But perhaps the biggest change between 2019 and 2024—and I’ll let you decide how positive this is—is the integration of country music into our regular pop diet. When “Old Town Road” ran roughshod over the pop charts in 2019, it was a one of one: the one country song played on pop stations, and streamed by listeners who might otherwise be exposed to no country music day to day. Hardcore country listeners, as of 2019, were still mostly listening to country radio and even buying CDs. Then, Morgan Wallen happened—the first country act to break as a true streaming star, with Drake-and-Taylor-level Spotify numbers—and the whole genre basically got woven into the fabric of pop. By 2023, more than 40 years after country’s last pop crossover boom, not only were improbable country songs hitting No. 1 on the big pop chart, they were jockeying for position with hip-hop hits and even crowding them out. I am all for diversity on the airwaves, and country’s sidebar status on the hit parade was a form of exclusion that shouldn’t have persisted as long as it did. On the other hand, I would like it if the new country generation would stream something besides Morgan Wallen.
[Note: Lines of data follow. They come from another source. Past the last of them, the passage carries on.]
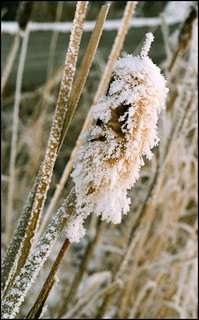 Frosted cattail | by SomewhatNorth...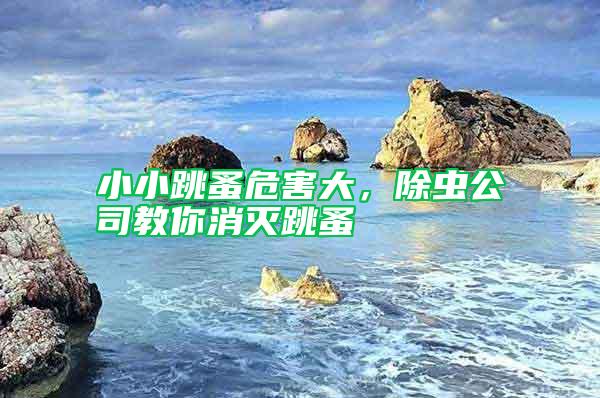 小小跳蚤危害大，除蟲公司教你消滅跳蚤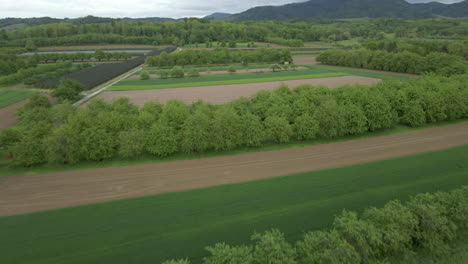 fly above trees and fields in rural area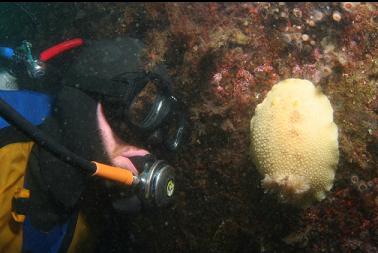nudibranch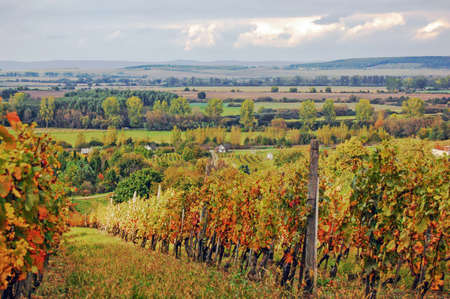 Landscape with vineyards in Hungaryの写真素材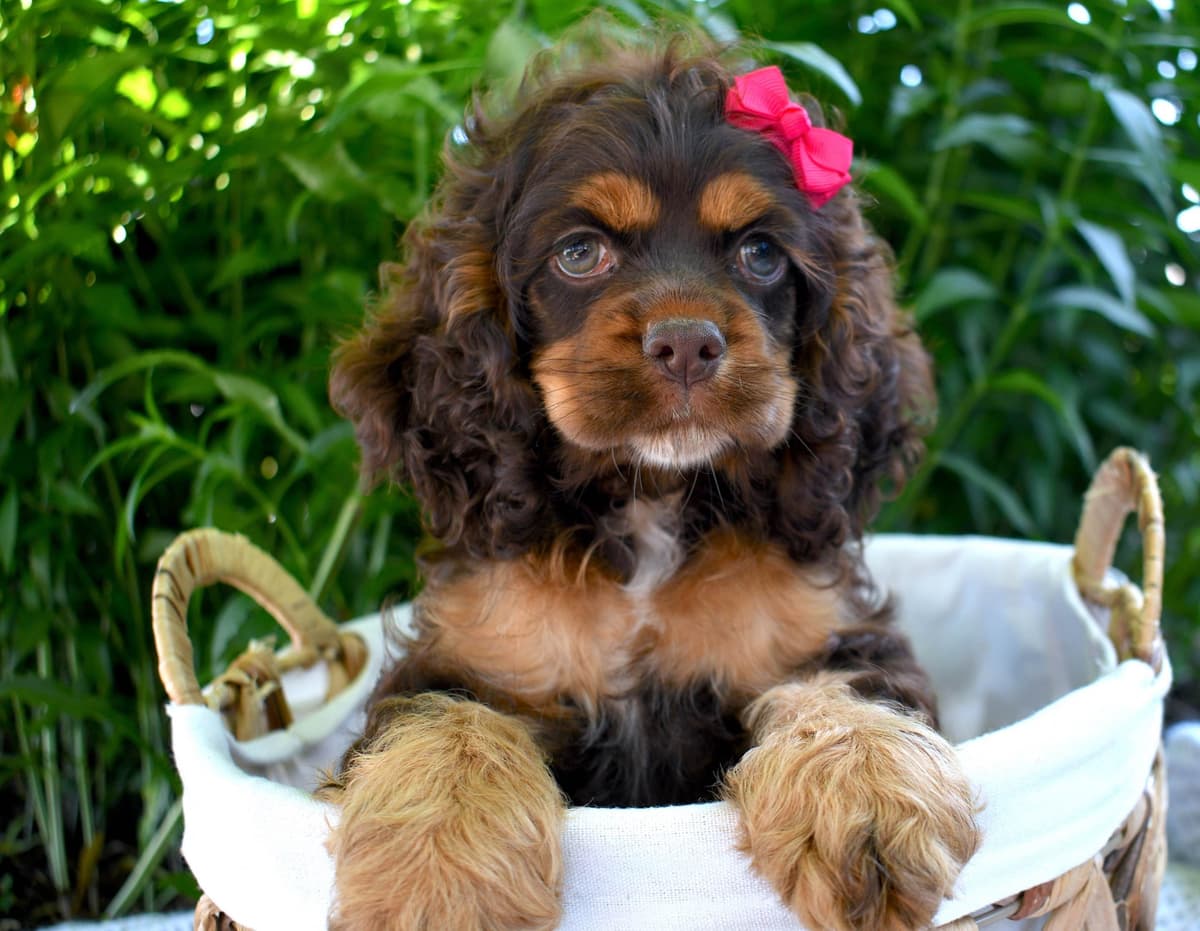 Cocker Spaniel Puppies breeder image 14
In the epilogue to my book on “Old Town Road,” I speculated that Lil Nas X’s seminal hit would launch “a new wave of Black crossover in country music. … You might say Lil Nas X died at country radio so others might live.” Mind you, I wrote that before the country-pop explosion of 2023, which was almost entirely proffered by white artists (including, in one case, a white country star covering a legendary song by a Black folkie). But in 2024, Shaboozey’s “A Bar Song” finally fulfilled my prediction, even if it took a form I couldn’t possibly have foreseen. Which, honestly, makes it a lot like its predecessor and (currently) shared Hot 100 record-holder, “Old Town Road”—irresistible, culturally ubiquitous, and sui generis in its final form. Where “Road” put a button on the 2010s, “A Bar Song (Tipsy)” is the ultimate 2020s hit: Nostalgic for hip-hop heads, legible to the post-Wallen country crowd, and just catchy enough to lure in the moderate pop fan, Shaboozey’s smash is at once digitally savvy, culturally old-school, and as American as a trucker hat. Or even—I hate to say it—a MAGA cap. Let’s … not think too hard right now about how this song’s legion of fans, both active and passive, cast their ballots a month ago. Let’s marvel that a Black man mashing up all flavors of our culture is bringing us together at all.